He basically received a slap on the back, errr..... hand.  That's how the Good Ole Boy System works.

Wild Bill was not the only Johnson County public employee that recently had some legal problems with criminal behavior.

Two Johnson County Sheriff's deputies were accused of sexual assault, in different instances, one will be serving six years probation (more of the Good Ole Boy System at work) and the other... we'll get to that in a minute.

Instead of being fired by Sheriff Larry Jones, they were graciously allowed to resign, a move many law enforcement officers take when accused of a crime in a means to escape accountability and prevent the public from having information about their wrong doing (if fired, documents concerning their termination and what they did to get fired is subject to release under the Arkansas Freedom of Information Act; if they resign it is not).


No wonder public opinion and confidence about law enforcement organizations and officers is at a all time low.

The first instance involves now former deputy and convicted felon Robert Gregory Retford.


Retford is a piece of work and a prime example of how broken the law enforcement certification system is in Arkansas (more on that later in the post).

Retford was accused of engaging in deviant sexual activity while in a deputy uniform in Sept. 10, 2016.

Sheriff Jones suspended Retford and a few days later Retford resigned.

What exactly did Deputy Retfort do?  Well, take a look at the affidavit for his arrest. 

Retford was facing up to 10 years in prison. 

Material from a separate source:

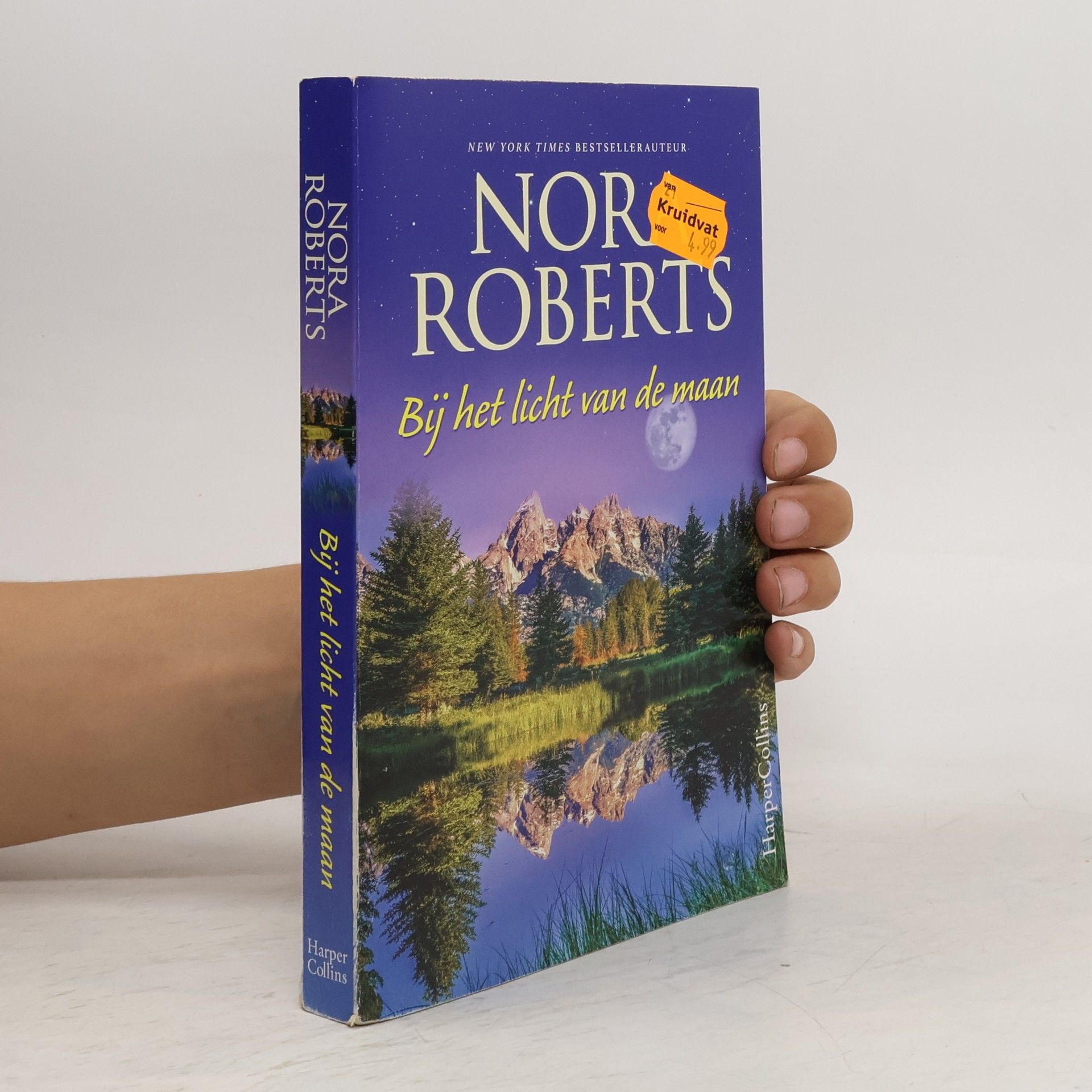 Nora Roberts Bij het licht van de maan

So he worked out a negotiated plea deal in which he would plead guilty, have to register as a sex offender and only have to be on probation for six years.  

That Good Ole Boy System membership has its perks.

Not a bad deal for $100.  That's how much it cost Retford to get a public defender.

According to news reports, Prosecuting Attorney David Gibbons said the sentence was fair as Retford had no prior criminal records and that the victim was fine with Retford only getting probation.

The voters in Johnson County need to elect a new prosecuting attorney. While they are at it they need a new circuit court judge too.

While Retford may not have a previous criminal record, he certainly had a sketchy career in law enforcement.

As you can see Retford was fired three times and he resigned six other times (not including his most recent one from JCSD). Remember what we said about law enforcement officers resigning -
"a move many law enforcement officers take when accused of a crime in a means to escape accountability and prevent the public from having information about their wrong doing (if fired, documents concerning their termination and what they did to get fired is subject to release under the Arkansas Freedom of Information Act; if they resign it is not)".

We were not able to get a lot of details as to why he was fired so many times.

The only good thing to come out of this is that Retford can never abuse his position as a law enforcement officer again as a convicted felon cannot be certified as a law enforcement

The second instance involves another deputy, Lt. Jeff Wood.


In March of this year, Wood, a married man, was reported to have been in a sexual relationship with a female named Carrie Box beginning back in 2016. Wood was also reported to have used his position as a deputy to provide favors to Box. 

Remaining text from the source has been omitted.